Anishinaabe lawyer stresses importance of allies on the path to truth and reconciliation
Trigger warning: readers may be triggered by the recount of Indian Residential Schools. To access a 24-hour National Crisis Line, call: 1-866-925-4419. Community Assistance Program (CAP) can be accessed for citizens of the Anishinabek Nation: 1-800-663-1142
By Rick Garrick
THUNDER BAY — Biigtigong Nishnaabeg lawyer Nicole Richmond stressed the continuing impacts of Indian Residential Schools during her Understanding the Role for Allies in Reconciliation virtual Lakehead University presentation on Sept. 20.
“When we discovered the [potential] unmarked graves [last year], that was extremely traumatic and I think that sort of shook our nation,” Richmond says. “I remember not really quite knowing what to do with myself because hearing about the [potential] unmarked graves brought up my own trauma, hearing about all these terrible things that had happened to these students and the way they had died. One grave at a school is too much, in my opinion, and we’re finding thousands of [potential] unmarked graves.”
Richmond adds that Thunder Bay is home to the River of Tears, where the bodies of some of the seven First Nations high school students from remote fly-in First Nations whose deaths were examined during the Seven Youth Inquest were discovered.
“I feel sad about the fact that this is the structural reality that has been created by policies and procedures and assimilation and colonialism,” Richmond says, noting that the students died while pursuing their high school studies in Thunder Bay. “And the fact that Anishinaabe people are still here is miraculous, it is not a sad story, it is a story of survivorship, the fact that we are still here is amazing, it’s a story of resiliency.”
Richmond says there cannot be reconciliation without truth.

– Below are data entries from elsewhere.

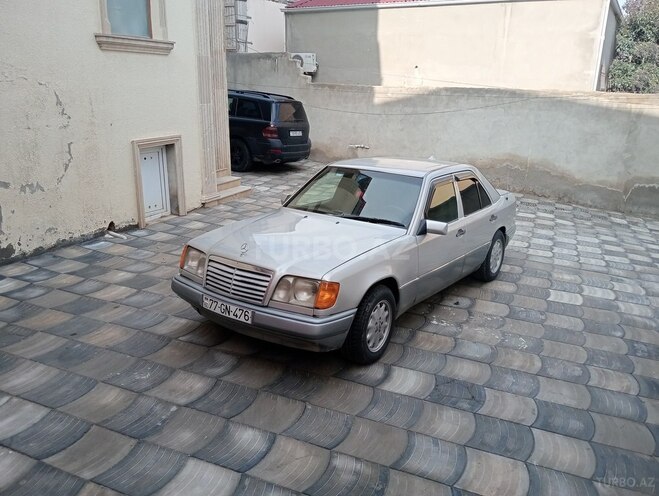 Mercedes E 220 1994, 340,000 km - 2.2 l - Bakı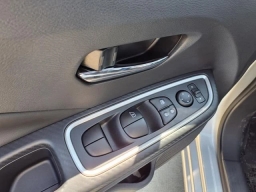 Nissan Versa SR CVT 2025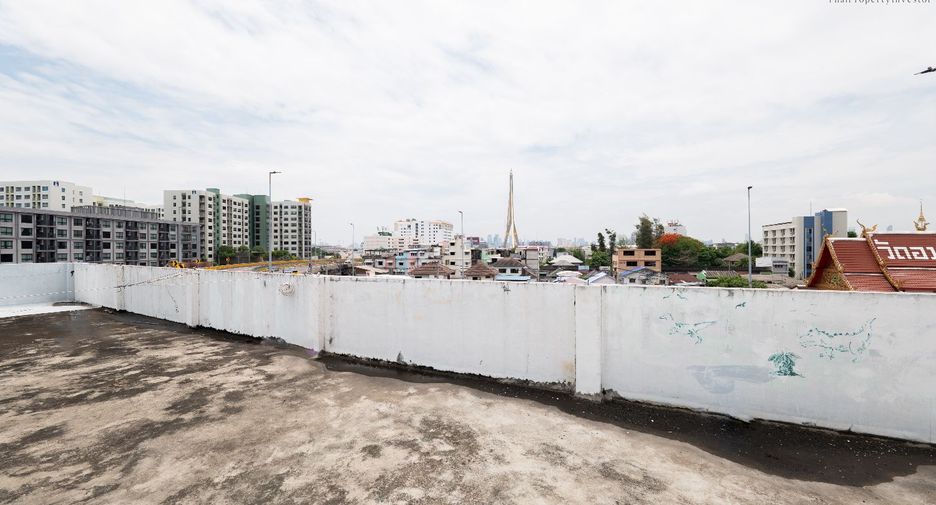 Gewerbefläche zum Kauf in Bang Phlat, Bangkok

“When we’re healing, we have to feel the emotions, it’s not just this intellectual exercise where we go: ‘Oh yeah, kids were taken, terrible things happened, oh yeah at St. Anne’s [Residential School] they were using an electric chair, that’s really sad,’” Richmond says. “If we’re going to integrate this into our consciousness, we have to feel it, we have to feel sorrow, we have to sit with this sadness and sometimes that’s really challenging — the trauma is not historic.”
Richmond says the first step for an ally is to recognize they are privileged.
“The second step is you choose to stand for marginalized communities,” Richmond says. “The idea is you take tangible ongoing action to dismantle systems of oppression.”
Richmond says her yoga teacher is an ally, noting that she had to take a critical look at her own privilege, her own benefits and the things she grew up taking for granted in order to get to her position of allyship.
“We do need allies, Indigenous people are a population minority, we need allies because we need everyone to understand the history of the settlement of Canada and the way the structures have been set up,” Richmond says. “We know the colonial legacy’s impacts are ongoing, they’re traumatic, they’re with us today and we’re still trying to figure out how to deal with these legacies and to figure out what the impacts are. I’m really concerned about healing and what does healing look like.”
Richmond encourages allies to learn the facts.
“You’re not responsible for the cultural stuff, let us take care of that,” Richmond says. “But you can learn the history and you can teach the history. If you need resource material, anytime I see Murray Sinclair on YouTube I learn so much, he’s a great resource person.”
Richmond says the role for allies is to understand their privilege, to tell the truth, to tell their friends who also have privilege what that privilege looks like and to help people understand.
“When we’re sort of raising our collective consciousness or our awareness, that’s how things really start to change,” Richmond says.